Elizabeth suggests using branded images, which makes your content recognizable on social media. She also says you can get involved in Twitter chats to establish your brand’s voice.

Varun’s advice is to build a relationship with your audience and don’t forget to connect with book lovers and reviewers as well. This is essential for book marketing!

Make sure you aren’t ignoring your fans on Twitter. Take the time to engage with them and build a relationship.

Cheval recommends focusing on providing valuable content for your audience. This will help you bring in new followers and build your brand’s presence overall.

David also said to share your insights and expertise to provide value to your audience.
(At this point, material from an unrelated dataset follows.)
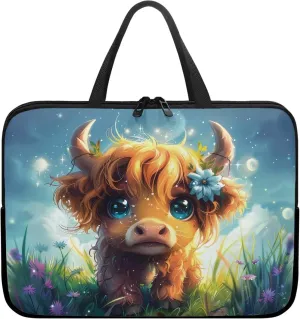 Cute Cattle Laptop Bag Briefcase for Women Men Portable Computer Messenger Bag Handbag Carrying Case for Office Travel Business, 15 Inch Portable Laptop Case with Handle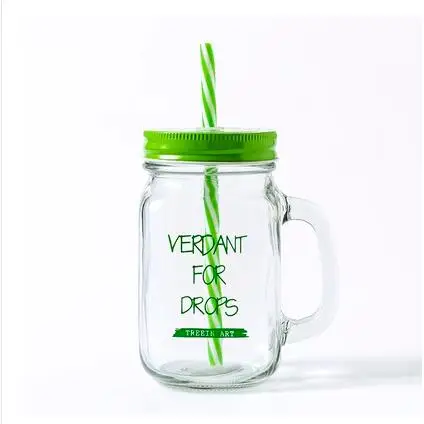 Summer juice cold drink glass jar with straw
He had a great idea of sharing your writing process for a little behind-the-scenes content.

Q5: What’s the best way to build relationships on Twitter?

Now that we’ve already mentioned the importance of building relationships on Twitter, you need to know how to actually going about it. So, what’s the secret to connecting with your audience? Check out this advice:

Rachel’s advice is to follow people who are your ideal readers. Make the time to interact with them. They’ll take notice! This is the start of building a relationship with new people so you have to be willing to put yourself out there.

She suggests asking questions and even asking for opinions to get the conversation started. It’s so simple, but it works!

This is such a great reminder for all of us on social media! Talk WITH your audience, not at them. Conversation is a two-way street.

Annaliese says to engage with people one-on-one. Find new people and give them a follow. If you’d like to reach out to someone who is high-profile, she suggests sending a personalized message to start the conversation.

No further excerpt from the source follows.